Beach lifeguards are now like doctors and police – they’re not allowed to strike
- Lifeguarding and lifesaving on beaches was just declared an essential service, removing the right of employees to strike.
- Such strikes invariably cost lives, lifesaving experts say.
- But in some places, lifeguards are paid intermittently or not at all, even as voluntary lifesaving declines in popularity.
As of Friday, lifeguards at South African beaches may no longer go on strike.
The Essential Services Committee of the department of labour on Friday gazetted a new addition to the list of essential services: "The lifeguarding and or lifesaving services at the beaches."
That immediately activated a section of the Labour Relations Act that limits the otherwise broad right to strike. Unlike just about everyone else, essential services employees may not strike – or even engage "in any conduct in contemplation or furtherance of a strike".
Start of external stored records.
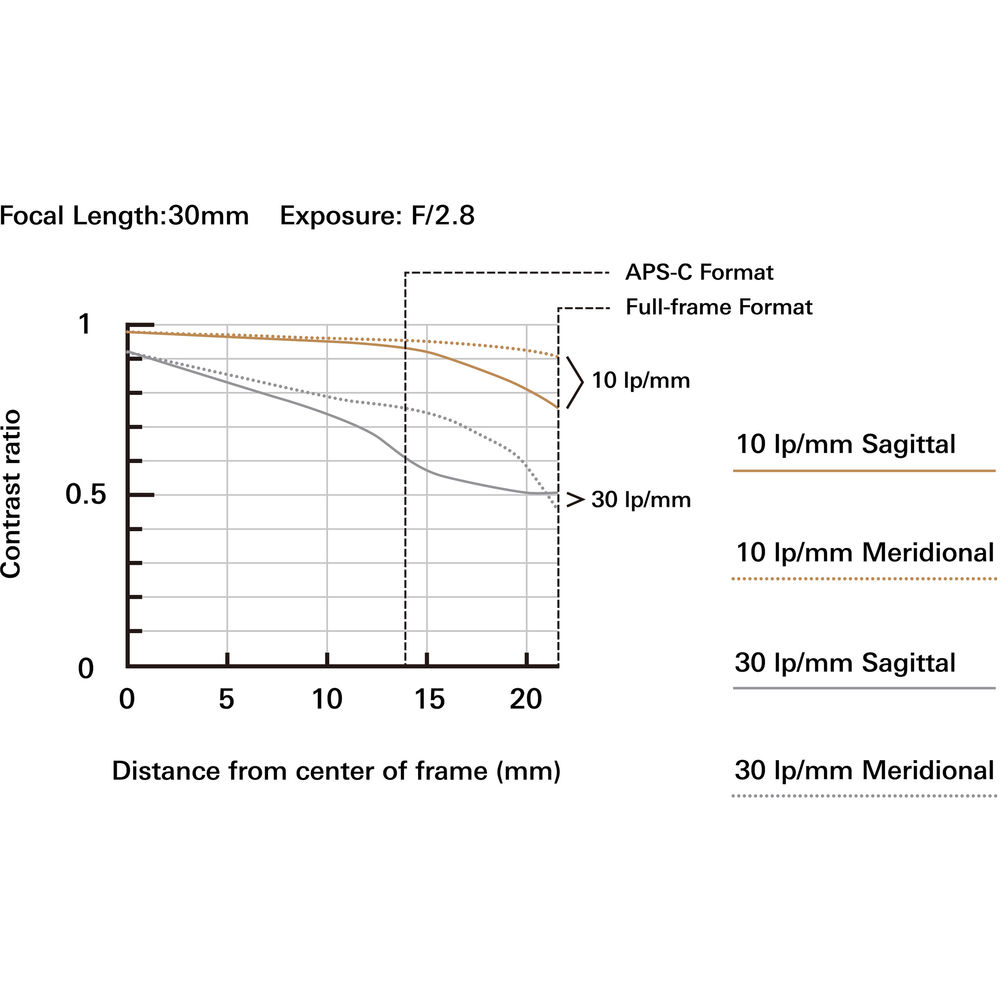 Tamron SP 15-30mm f/2.8 Di VC USD G2 Lens - Image 5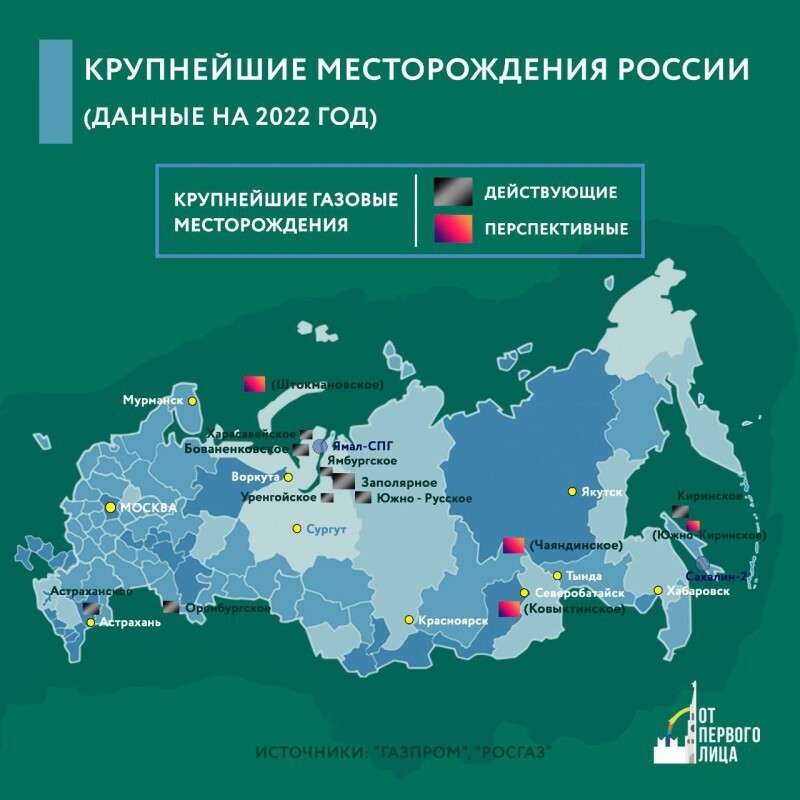 Где и как добывают газ в России?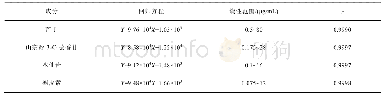 表3 4种黄酮类成分的线性关系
Several people drowned on the Wild Coast in December while lifeguards were not on duty in December. In recent years beaches in various tourist hotspots have been closed at times because of such strikes, as lifesavers complained about not being given the equipment to do their jobs and working out of facilities without electricity.
Such strikes will now be unlawful – but that will not solve underlying problems with lifesaving.
Too many people drown because municipal efforts at lifesaving are patchy at best, various people involved in rescue at sea and beach saving told Business Insider South Africa. Meanwhile, amateur lifesaving appears to be in decline.
"It used to be quite a thing to be a lifeguard, everyone looked up at the lifeguards," says Steven Kitto of the 91-year-old Durban Surf Lifesaving Club. "It's not as glamorous anymore."
The Durban club, like many of its peers, supplement municipal lifesaving services, especially over weekends and holidays. Its volunteer members patrol beaches, rescue swimmers in trouble and – crucially – blow annoying whistles to keep beachgoers in designated areas.
That kind of prevention is essential, says Kitto, but it is increasingly hard to find people willing to take the evil looks and occasional hurdled insults that come with that duty.
"People are just not as keen to give back anymore," says Kitto. But the number of people who ignore no-swimming signs, or swim drunk, or simply underestimate the ocean, has not declined.